This recipe rolled right off my fingers. Literally. A fellow blogger had hit me up asking for a favorite beet salad recipe. Initially, I had pointed him to some beet salad recipes that I’ve bookmarked or have in my stand-by recipe arsenal. No sooner had I forwarded him the links did I mention that I really love herbs with beets. Tarragon and beets are a combination I just love. Maybe a little vinaigrette. Don’t forget the cheese, though. Goat cheese – a given. Feta, maybe. No wait – ricotta salata. Nice texture, a little tang and salt but not overwhelming. Yes, that’s the way to go. We parted way and I’m guessing he went on to make his beet salad for dinner that night. On the other hand, this recipe rattled around in my head for a good week or so before it came together on a plate.

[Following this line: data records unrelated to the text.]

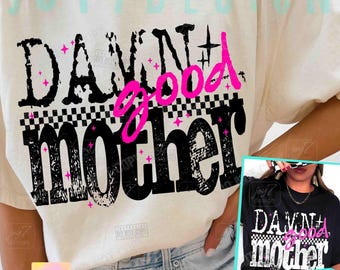 May include: Cream-colored t-shirt with the text "DAMN good mother" in black, pink, and white. The design includes a checkered pattern and pink star accents. The shirt is a casual wear item.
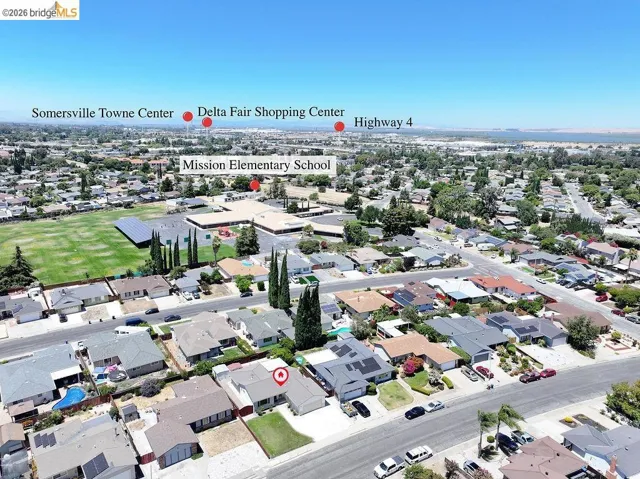 Aerial perspective of a residential community featuring single-family homes with diverse rooflines and landscaping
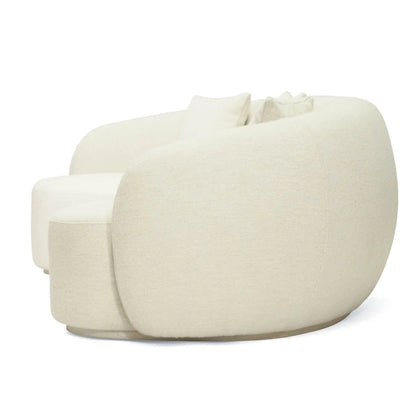 Off white colored linen curved sofa on a white background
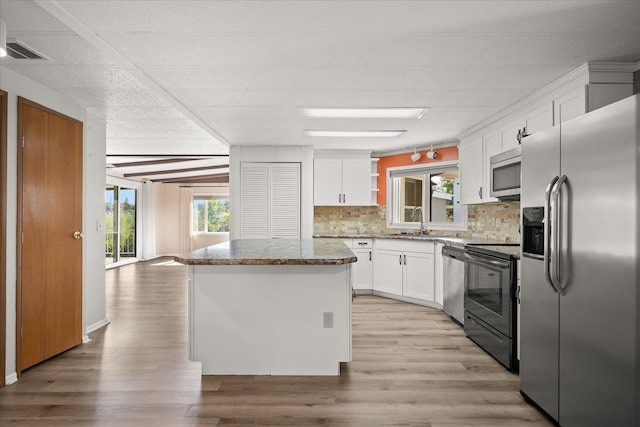 18822 E Montgomery Dr, Otis Orchards, WA 99027 - kitchen featuring appliances with stainless steel finishes, white cabinetry, tasteful backsplash, and plenty of natural light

In my continued efforts to use up ingredients around the house, I turned to quinoa to bulk this salad up. Make it a little more filling and amp up the nutritional value. I’ve met more than one person who says they just don’t quite “get” quinoa yet – in this application, it adds more substance…a little texture…and a nuttiness that goes with the sweetness and earthiness of the beets. A handful of roasted pepitas (I’m conquering the pantry 1/4 cup at a time!) was the missing link – crunch and a bit of salt that keeps from having to add a lot of salt in the seasoning process. Served slightly cool or room temperature but not cold, this is easily a main course vegetarian meal but would make an awesome side dish for some roasted meats.
Golden Beet and Quinoa Salad – serves 4 as a hearty side dish/salad course
– For the beets: Preheat the oven to 375. In a foil pouch (or in a baking dish you cover with foil – your choice), drizzle 1 tbsp. of olive oil over the beets. Wrap tightly with the foil and bake in the preheated oven until they’re tender – pierce with the end of a sharp knife to test – which should take about 60 minutes. This is dependent on the size of your beets. Once tender, remove from oven and allow to cool. Peel & discard the skins and dice into 1/2″ – 1″ squares.

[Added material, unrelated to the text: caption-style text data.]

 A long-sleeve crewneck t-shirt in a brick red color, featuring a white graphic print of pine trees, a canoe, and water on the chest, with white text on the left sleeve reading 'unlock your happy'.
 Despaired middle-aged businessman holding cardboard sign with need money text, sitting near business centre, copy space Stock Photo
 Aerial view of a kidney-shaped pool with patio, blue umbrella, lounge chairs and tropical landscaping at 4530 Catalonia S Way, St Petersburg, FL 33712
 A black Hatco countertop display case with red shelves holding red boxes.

– While the beets are roasting, you can cook the quinoa. Bring 1 cup water or vegetable stock up to a boil. Add the quinoa, boil for 1-2 minutes, then turn heat down to a simmer. Cover and cook for 15 minutes until tender. Remove from heat and allow to sit covered until ready to use.

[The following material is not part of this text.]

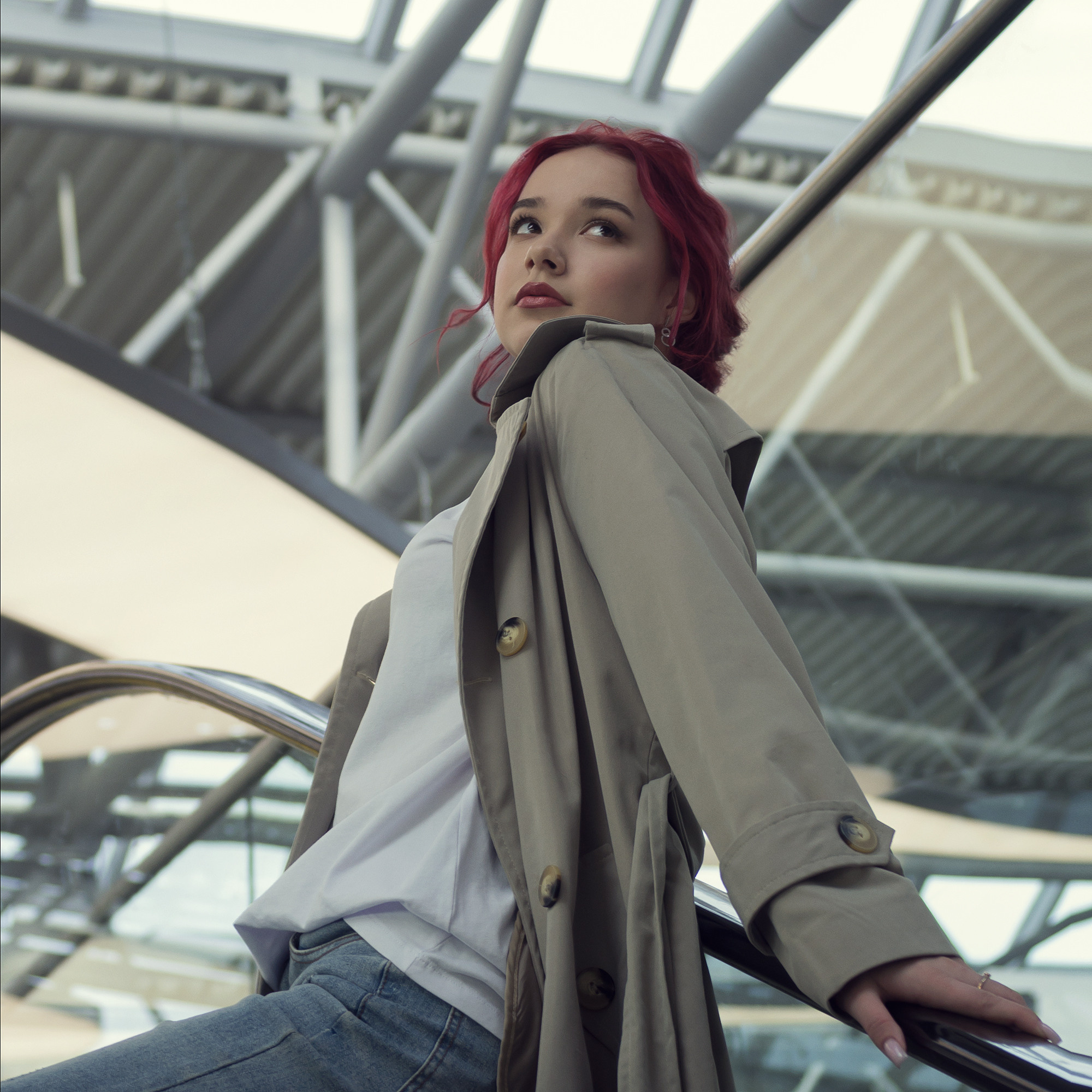 Портрет рыжей девушки в плаще. Вид снизу.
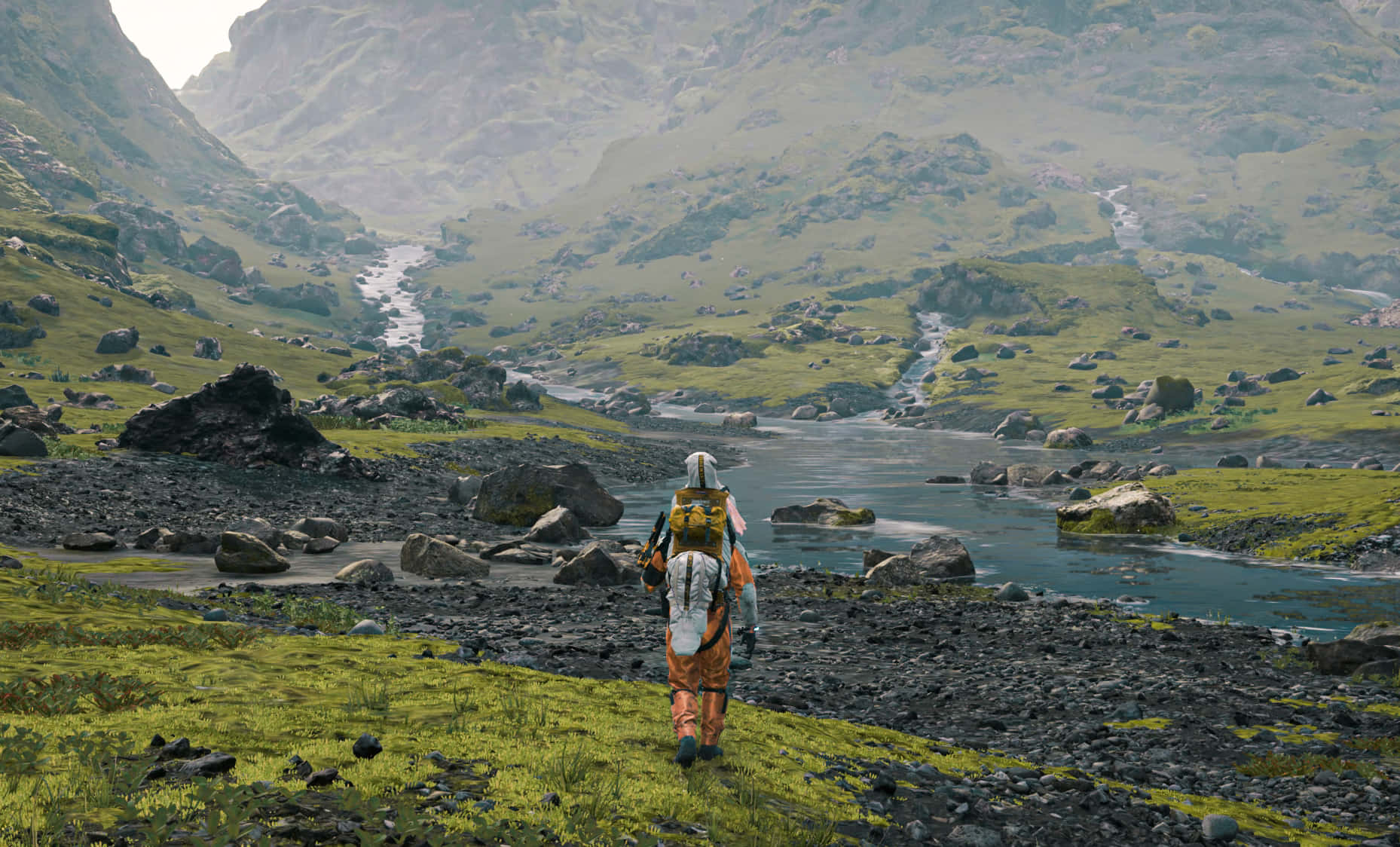 Landscape Death Stranding Wide 壁紙 — 一個孤獨的遠足者背著色彩繽紛的背包，沿著岩石河岸穿過廣闊的綠色山谷，兩旁是霧氣繚繞的山脈。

– To assemble the salad: In a large mixing bowl, whisk together the vinegar and the other 2 tablespoons of olive oil. Add the beets and toss to coat. Next, add the chopped tarragon and the quinoa. Mix together and add the pepitas & ricotta salata. Mix gently to combine. Taste for salt level then season to taste with salt and fresh ground pepper. Serve at room temperature. This will keep for a day or so but I advise bringing it up closer to room temperature from the fridge before serving.